Cartas podiam ser enviadas gratuitamente ao pioneiro serviço de atendimento ao consumidor. E havia um mural de receitas no qual dúvidas e soluções eram trocadas entre as mulheres – de novo, algo muito à frente de um mural de Facebook. “Nos anos 80, a gente tinha um movimento de 20 mil, 30 mil cartas por mês, e vinha carta do Brasil inteiro”, recorda Fontenelle.
A corporação conseguia se manter sempre atualizada sobre os desejos e as aflições das consumidoras, criando produtos e receitas sob demanda para o espírito de cada época. “Eu vi isso em cidades do Nordeste. Em pequenas cidades de repente aquela receita pegava uma fúria danada de divulgação, através de uma única mulher que tinha pedido a receita pela carta.”
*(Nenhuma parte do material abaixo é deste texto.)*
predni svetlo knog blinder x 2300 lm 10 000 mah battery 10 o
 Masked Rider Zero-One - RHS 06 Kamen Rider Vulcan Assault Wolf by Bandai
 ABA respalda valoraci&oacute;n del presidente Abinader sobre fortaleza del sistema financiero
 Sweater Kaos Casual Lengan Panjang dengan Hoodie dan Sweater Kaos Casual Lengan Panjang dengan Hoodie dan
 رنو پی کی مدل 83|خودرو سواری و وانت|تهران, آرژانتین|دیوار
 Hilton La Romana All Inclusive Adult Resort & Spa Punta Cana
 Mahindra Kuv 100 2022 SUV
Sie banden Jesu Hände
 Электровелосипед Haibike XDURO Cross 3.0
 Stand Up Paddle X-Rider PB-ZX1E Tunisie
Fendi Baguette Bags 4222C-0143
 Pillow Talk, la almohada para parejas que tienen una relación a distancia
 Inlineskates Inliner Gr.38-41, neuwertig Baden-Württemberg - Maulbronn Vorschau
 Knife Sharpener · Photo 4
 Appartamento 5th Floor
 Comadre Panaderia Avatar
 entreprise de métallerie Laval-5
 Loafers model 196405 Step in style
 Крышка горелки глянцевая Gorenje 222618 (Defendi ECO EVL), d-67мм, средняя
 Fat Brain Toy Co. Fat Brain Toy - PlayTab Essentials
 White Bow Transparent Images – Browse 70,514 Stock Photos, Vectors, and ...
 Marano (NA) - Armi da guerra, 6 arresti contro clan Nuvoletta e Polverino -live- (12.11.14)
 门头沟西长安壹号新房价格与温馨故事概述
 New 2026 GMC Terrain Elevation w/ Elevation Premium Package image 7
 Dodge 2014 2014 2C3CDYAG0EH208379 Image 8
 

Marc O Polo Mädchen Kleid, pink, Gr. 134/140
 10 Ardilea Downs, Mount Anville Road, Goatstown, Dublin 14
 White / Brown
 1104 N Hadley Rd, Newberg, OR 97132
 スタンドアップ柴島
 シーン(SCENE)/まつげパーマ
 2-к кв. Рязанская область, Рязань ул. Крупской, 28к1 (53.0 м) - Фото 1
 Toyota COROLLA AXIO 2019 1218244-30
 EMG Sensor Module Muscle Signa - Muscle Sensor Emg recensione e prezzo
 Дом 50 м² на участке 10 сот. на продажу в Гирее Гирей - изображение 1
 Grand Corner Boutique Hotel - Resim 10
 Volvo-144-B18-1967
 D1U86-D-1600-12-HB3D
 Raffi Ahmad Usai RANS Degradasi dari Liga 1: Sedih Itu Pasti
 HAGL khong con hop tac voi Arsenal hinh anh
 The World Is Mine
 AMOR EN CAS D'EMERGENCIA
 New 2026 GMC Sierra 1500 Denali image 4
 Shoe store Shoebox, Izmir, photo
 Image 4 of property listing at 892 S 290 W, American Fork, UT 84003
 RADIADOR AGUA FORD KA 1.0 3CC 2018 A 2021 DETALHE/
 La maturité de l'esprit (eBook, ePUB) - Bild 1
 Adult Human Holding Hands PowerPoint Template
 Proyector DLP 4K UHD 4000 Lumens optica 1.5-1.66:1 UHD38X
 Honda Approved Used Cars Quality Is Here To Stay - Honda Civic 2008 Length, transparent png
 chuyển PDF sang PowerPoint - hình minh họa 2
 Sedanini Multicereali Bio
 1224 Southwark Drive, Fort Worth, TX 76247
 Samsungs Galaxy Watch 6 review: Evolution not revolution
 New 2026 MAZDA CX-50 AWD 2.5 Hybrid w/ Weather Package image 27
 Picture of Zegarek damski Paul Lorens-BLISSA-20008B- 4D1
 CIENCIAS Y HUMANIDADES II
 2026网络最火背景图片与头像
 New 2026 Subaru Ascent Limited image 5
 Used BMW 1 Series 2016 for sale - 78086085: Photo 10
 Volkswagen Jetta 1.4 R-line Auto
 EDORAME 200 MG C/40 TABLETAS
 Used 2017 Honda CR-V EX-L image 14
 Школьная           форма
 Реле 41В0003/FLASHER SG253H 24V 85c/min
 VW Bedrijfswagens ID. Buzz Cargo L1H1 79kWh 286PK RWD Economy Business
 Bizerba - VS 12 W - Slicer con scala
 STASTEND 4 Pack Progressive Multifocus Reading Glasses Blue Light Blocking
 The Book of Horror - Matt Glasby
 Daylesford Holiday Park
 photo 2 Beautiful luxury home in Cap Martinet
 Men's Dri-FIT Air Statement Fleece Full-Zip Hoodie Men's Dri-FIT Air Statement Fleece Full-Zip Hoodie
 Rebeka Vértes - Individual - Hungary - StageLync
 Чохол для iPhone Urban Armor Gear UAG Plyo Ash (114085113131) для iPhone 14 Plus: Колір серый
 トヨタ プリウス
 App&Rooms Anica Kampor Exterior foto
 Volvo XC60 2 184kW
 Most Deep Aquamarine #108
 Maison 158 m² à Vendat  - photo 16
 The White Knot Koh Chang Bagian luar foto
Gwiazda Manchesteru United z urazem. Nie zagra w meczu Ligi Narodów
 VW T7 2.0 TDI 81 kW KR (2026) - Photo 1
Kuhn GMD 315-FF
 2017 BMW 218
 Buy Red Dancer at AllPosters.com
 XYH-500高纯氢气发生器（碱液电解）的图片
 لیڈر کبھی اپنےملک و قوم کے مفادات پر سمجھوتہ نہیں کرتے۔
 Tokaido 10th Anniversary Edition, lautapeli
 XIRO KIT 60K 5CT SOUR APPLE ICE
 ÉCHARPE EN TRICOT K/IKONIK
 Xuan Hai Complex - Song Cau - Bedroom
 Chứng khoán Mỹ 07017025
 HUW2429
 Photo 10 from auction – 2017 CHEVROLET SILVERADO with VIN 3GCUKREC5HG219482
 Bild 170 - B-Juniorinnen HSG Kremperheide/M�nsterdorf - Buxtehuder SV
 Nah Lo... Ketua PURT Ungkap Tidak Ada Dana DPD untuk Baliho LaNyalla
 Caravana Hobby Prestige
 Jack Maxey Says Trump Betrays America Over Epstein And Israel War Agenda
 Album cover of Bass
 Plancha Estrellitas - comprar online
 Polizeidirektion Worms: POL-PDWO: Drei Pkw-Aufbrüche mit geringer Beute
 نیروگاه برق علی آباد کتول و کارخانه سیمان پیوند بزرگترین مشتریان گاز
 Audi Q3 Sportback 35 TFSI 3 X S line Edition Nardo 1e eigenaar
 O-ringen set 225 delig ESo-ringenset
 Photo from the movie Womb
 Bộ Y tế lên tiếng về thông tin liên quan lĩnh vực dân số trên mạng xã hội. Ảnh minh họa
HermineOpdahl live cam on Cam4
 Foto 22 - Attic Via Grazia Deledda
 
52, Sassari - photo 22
Entre tantas correspondências, a gente separou uma que tem o poder de sintetizar o que era o Centro Nestlé de Economia Doméstica:
A todo momento da conversa, quando Débora Fontenelle começava a fazer um balanço desse período da Nestlé, trazia à tona sentimentos contraditórios, como se houvesse uma luta interna. Ela se recordou de um encontro com Carlos Alberto Dória, pesquisador sobre culturas alimentares.
“Quando nós nos conhecemos, ele falou: ‘Eu queria conhecer você porque você foi a assassina do doce brasileiro de antigamente. E você sabe o que você fez?’”, ela conta. “E eu dei um suspiro e falei: ‘É, eu sei, e eu vou pagar no inferno por esse preço de ter transformado, de ter matado, de ter popularizado uma versão assim do doce.”
A fala de Débora nesses momentos assumia um tom vacilante. Ela ia e voltava: o que fez foi bom, mas teve consequências ruins. E o que fez teve consequências ruins, mas foi importante. Quando mencionou a saudade do beijinho tradicional, que tinha uma casquinha, nós nos perguntamos: mas que beijinho era esse? Se você jogar no Google a expressão “receita de beijinho tradicional”, todos os primeiros resultados trarão a receita com leite condensado.
Para a Nestlé, sentimento de culpa não existe. Hoje, a corporação mima influenciadores digitais com muitos brindes. Lança livros de receita virtuais e impressos. E mantém uma equipe própria de cozinheiros que escreve e reescreve a doçaria brasileira para garantir que o Leite Moça siga reinando. Os bebês, claro, nunca foram esquecidos: hoje, a corporação promove biscoitos – ou melhor, NutriSnacks – com a sugestiva mensagem de que “A natureza sabe o melhor”. A menos que a natureza tenha produzido banana em pó, a Nestlé está mentindo de novo. Mas quem se importa?